A second new position was created for Marino.

"We just felt we needed another football person in our operation," Jones said. "We were fortunate enough to come up with Dan Marino."

His return to the Dolphins was a stunner in part because the deal came together so quickly.

"I didn't know how to react," Miami defensive tackle Larry Chester said. "I was like, 'Dan Marino? He's a player. Wow!' ... Having him here is a major plus. Dan Marino is Miami. With him pulling the reins, I see nothing but good things. I just wish he was coming back to play."

Marino will report directly to Jones. Spielman and Wannstedt will report to Marino. Spielman will have final say regarding player personnel, including draft decisions.

Still, the ultimate boss remains Huizenga. When asked about the chain of command, Marino, Spielman and Jones each looked over their shoulders at the Dolphins' owner while answering.

"It's a team game on the field, and a team game in the office as well," Huizenga said. "We need two good teams to win. The name of the game for us is to win. Nothing else really matters."

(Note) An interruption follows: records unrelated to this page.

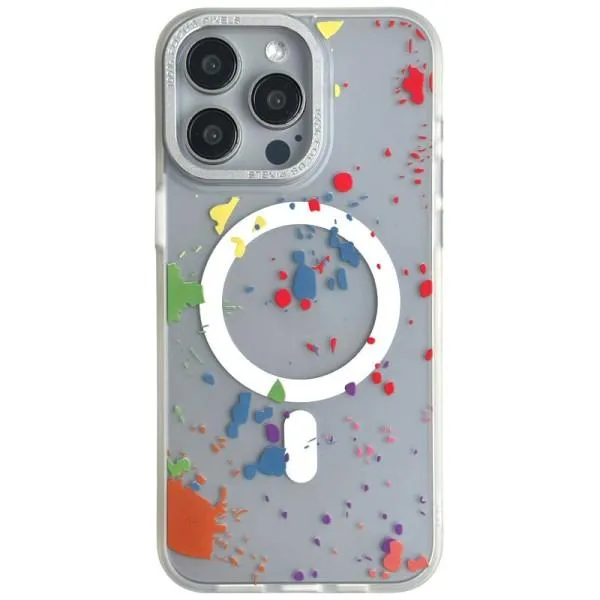 Чехол TPU+PC Flush with Magnetic Fit для Apple iPhone 16 Pro Max (6.9") — Белый Чехол TPU+PC Flush with Magnetic Fit для Apple iPhone 16 Pro Max (6.9") — Белый
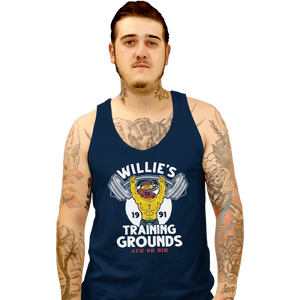 Shirts Tank Top, Unisex / Small / Navy Willie's Training Grounds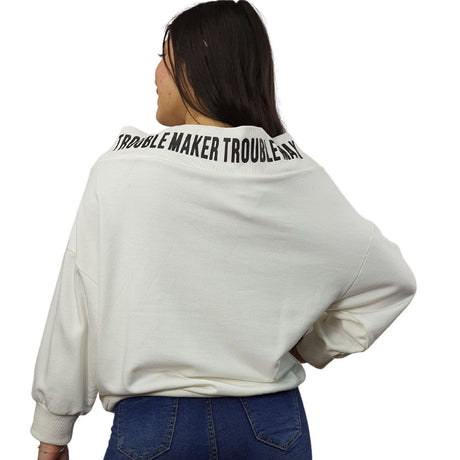 Sweater Vero Moda Blanco Style KIMBERLEY L/S SWEAT(NC)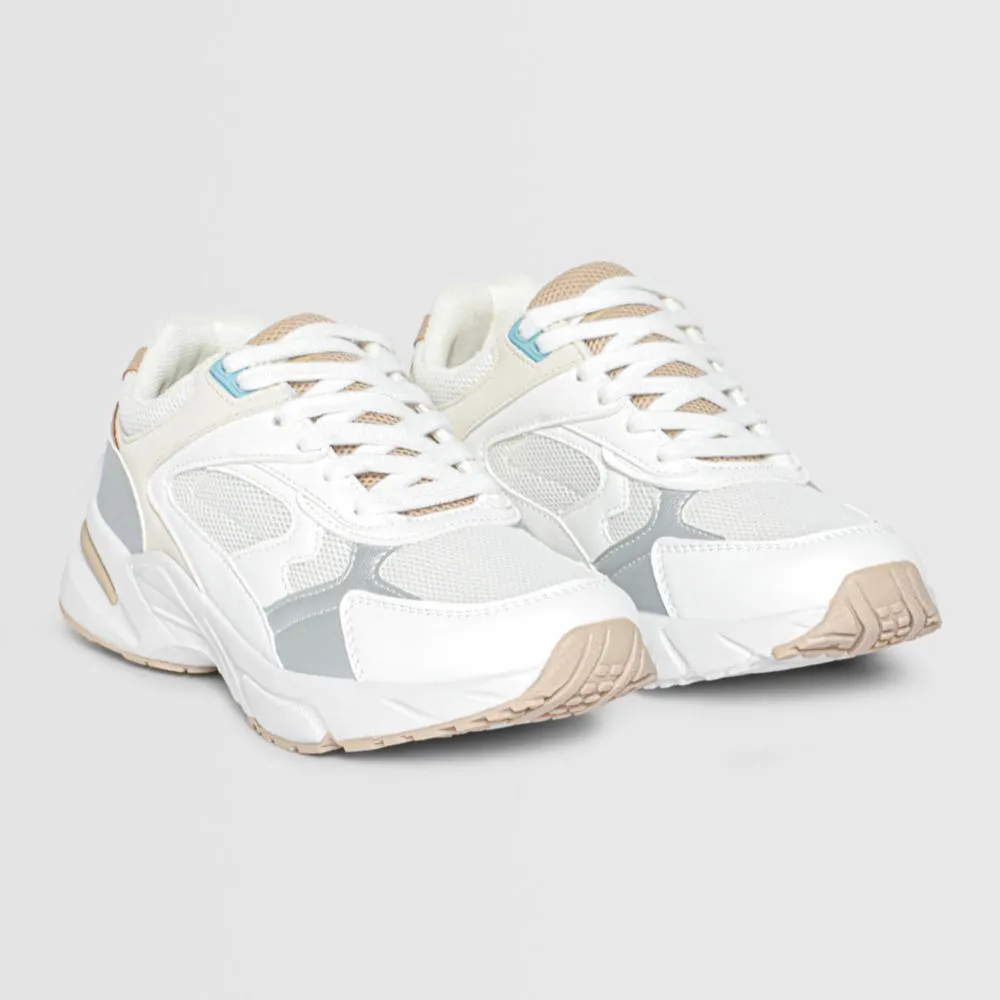 Zapatillas Urbanas Malabar Para Mujer Bowly Blanco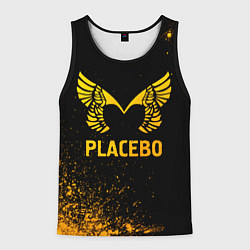 Майка-безрукавка мужская Placebo - gold gradient, цвет: 3D-черный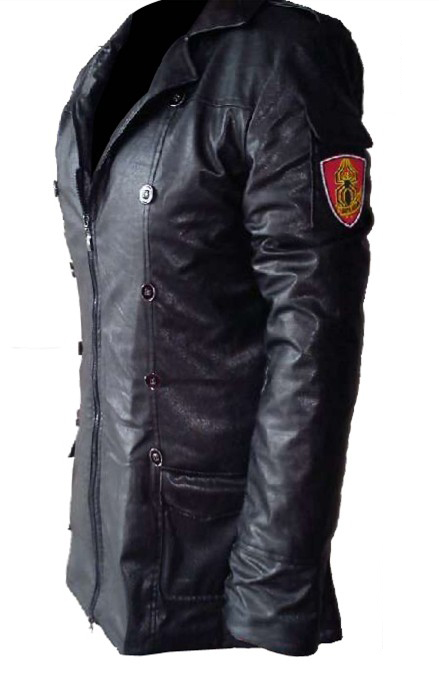 Resident Evil Jack Muller Leather Coat - Click Image to Close
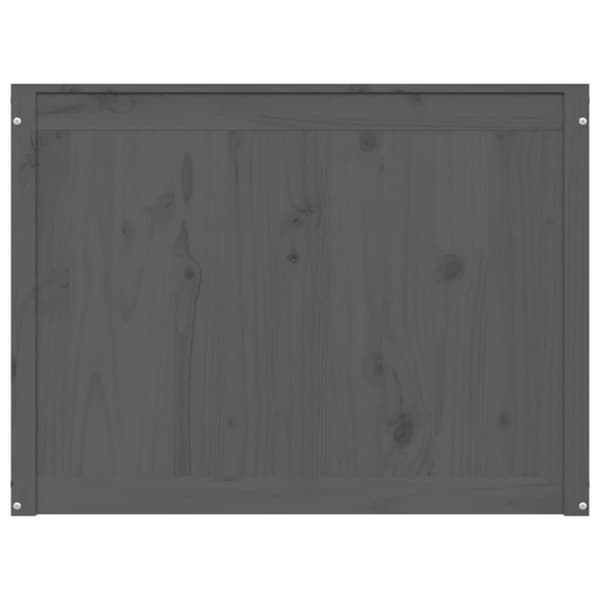 vidaXL vasketøjskurv 88,5x44x66 cm massivt fyrretræ grå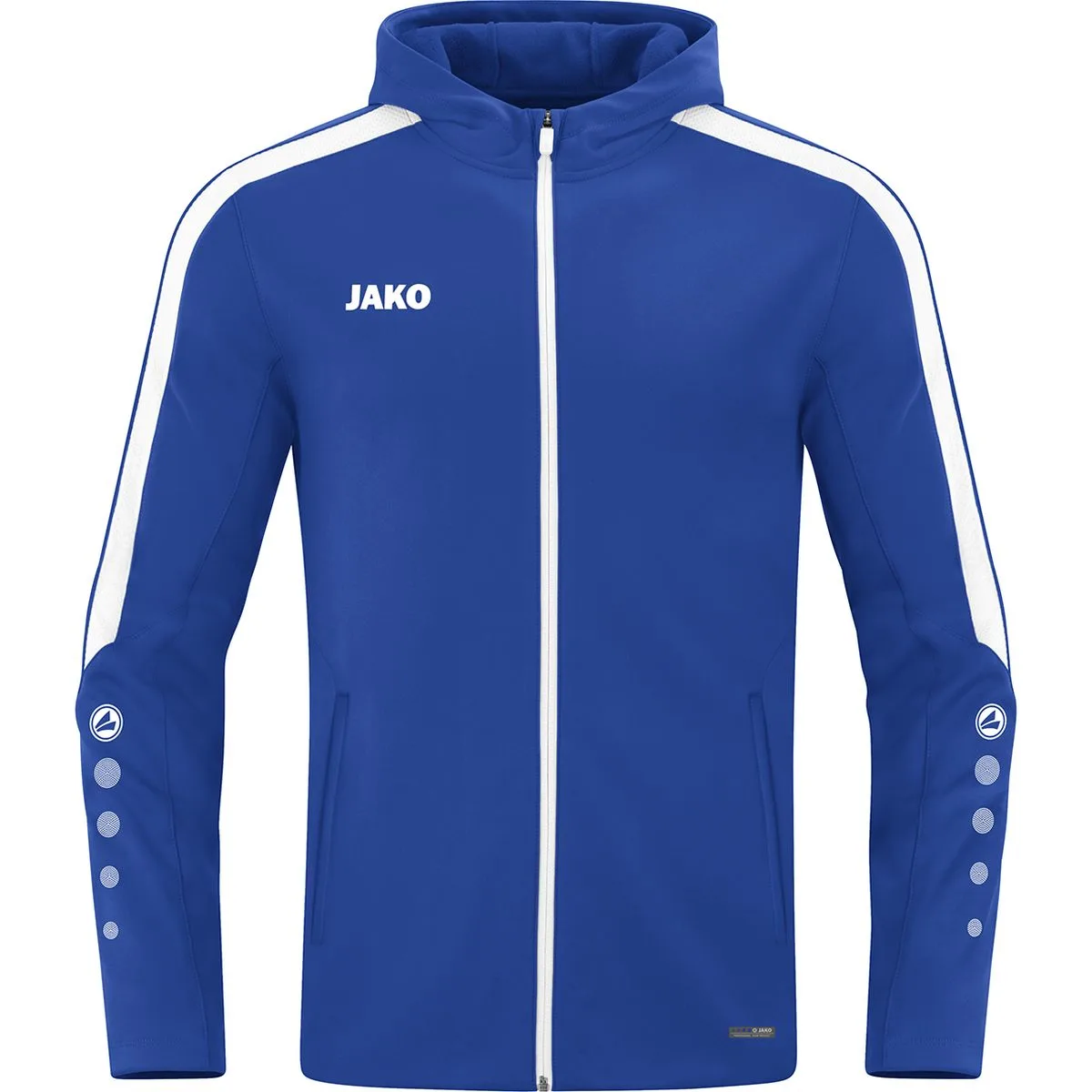 Power Damen Kapuzensweater, blau 40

The Dolphins still hope to hire retired Green Bay general manager Ron Wolf as a part-time consultant.

The organizational reshuffling comes after Huizenga stripped Wannstedt of control over personnel decisions two weeks ago. The Dolphins went 10-6 in 2003 to miss the playoffs in consecutive seasons for the first time since 1988-89.

Marino has been working as a network TV analyst. Huizenga bristled when asked about the perception that the former quarterback might be a figurehead.

"Here's a guy who's on CBS and HBO and making four jillion dollars a year to work there," Huizenga said. "He's not going to quit a job like that to come here for somebody to say it's just a figurehead job. This is serious business here."

Marino played for the Dolphins from 1983 to 1999 and took them to the 1985 Super Bowl, where they lost to San Francisco. He holds league records with 61,361 yards passing and 420 touchdown passes.

"It's great for the franchise for him to return - the most popular player we ever had," former teammate Jimmy Cefalo said. "Dan knows how to fire up a huddle, and I think he'll fire up the franchise. The fat will be cut away."

"Dan will do a great job," former coach Don Shula agreed. "He has proven that he is a true leader."

The hiring will test Marino's relationship with Wannstedt, which has been strained in the past. Marino retired reluctantly two months after Wannstedt became Miami's coach in January 2000.

"There are no hard feelings at all," Marino said. "I know people said I was pushed out, but that's not true."

The hiring of Marino is the latest surprising twist in the Dolphins' offseason. Huizenga resolved the embattled Wannstedt's status two weeks ago by giving him a two-year contract extension but also a demotion, relieving him of responsibility for player moves.

The Dolphins have won just one playoff game in the four years since Marino retired, in part because of lackluster results in the draft.

Marino's mission will be to help change that. He also faces a decision about the future of his successor at quarterback, Jay Fiedler, who has been unpopular with fans while directing a sputtering offense.

Fiedler is due a $2 million option in April and a projected base salary of $3.7 million for 2004 if he returns.

Marino declined to discuss Miami's personnel Monday, and he acknowledged there will be a learning curve as he settles into his new career. But he said he had no reservations about taking the job.

"Am I ready for this?" he said. "I feel I am."